Edelen is trying to position himself as the businessman in the contest. In April 2017, Edelen and other business partners announced they were studying the possibility of installing tens of thousands of solar panels on a reclaimed surface mine in Pike County. He said Monday that the project is expected to move forward in Eastern Kentucky in the coming weeks, and said a commitment to renewable energy could help bring jobs to the state.

“Let me say something that no candidate for Kentucky governor ever has, though every farmer and hunter knows it to be true,” Edelen said. “Climate change is real and so are the thousands of jobs that can be created fighting it.”

That project was one of many appeals Edelen made to the progressive base of the Democratic Party in the aftermath of his upset loss to state Auditor Mike Harmon in 2015. He also toured the state with Kentucky Sports Radio host Matt Jones, proclaiming a message that the Kentucky Democratic Party must find a way to appeal to rural voters who have fled to the Republican Party.

When asked if he was attempting to position himself as more progressive than Beshear or Adkins, Edelen said he dismissed labels and criticized the narrative as “lazy.”

“I have a whole host of ideas for Kentucky into the future and this isn’t about borrowing some template from the national party and you’ll never hear me say that I am to one end or the other,” Edelen said. “I am where the people of Kentucky need us to be to solve problems.”

But if the 2018 elections in Kentucky were any evidence, the rural and urban political divide remains stark.
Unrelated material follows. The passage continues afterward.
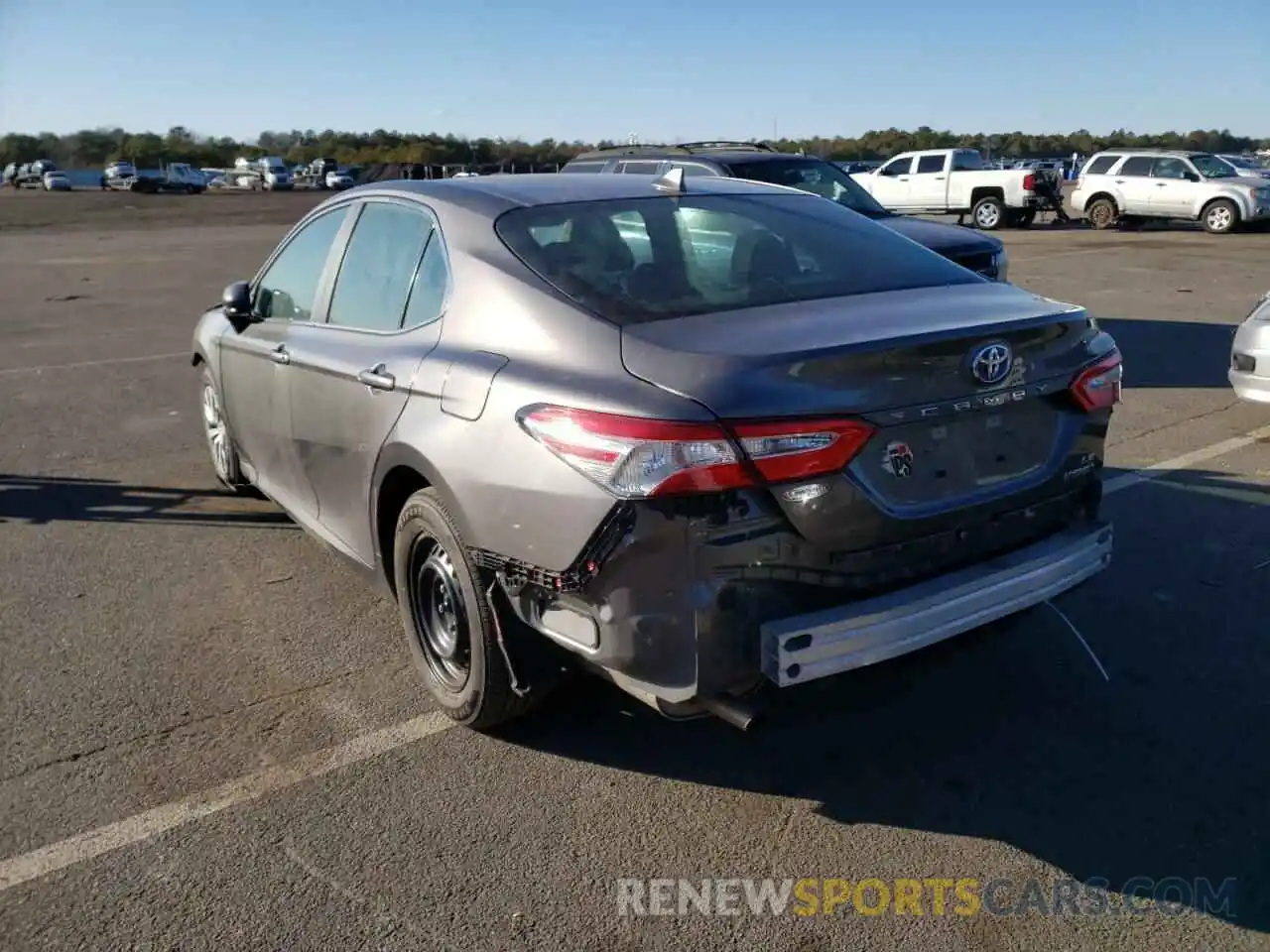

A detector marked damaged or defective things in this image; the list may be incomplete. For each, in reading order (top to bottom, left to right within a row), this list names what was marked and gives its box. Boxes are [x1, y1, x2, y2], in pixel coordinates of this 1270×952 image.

With a running mate from Louisville — businessman Gill Holland — Edelen will have to figure out a way to appeal to rural Democrats who make up a significant chunk of the primary electorate.

Louisville businessman Gill Holland announces he will run for lieutenant governor of Kentucky on a ticket with Adam Edelen.

On Monday, Edelen addressed that issue with a pledge to bring broadband internet access to all corners of the state and to help modernize Kentucky’s economy.

“The sad fact is that today’s leaders are chasing yesterday’s economy,” Edelen said. “Underfunding education, depressing wages, eliminating workplace and environmental safeguards may have been attractive to aging industrialists a generation ago, but they are repulsive to the new economy entrepreneurs that hold the keys to the economic future.”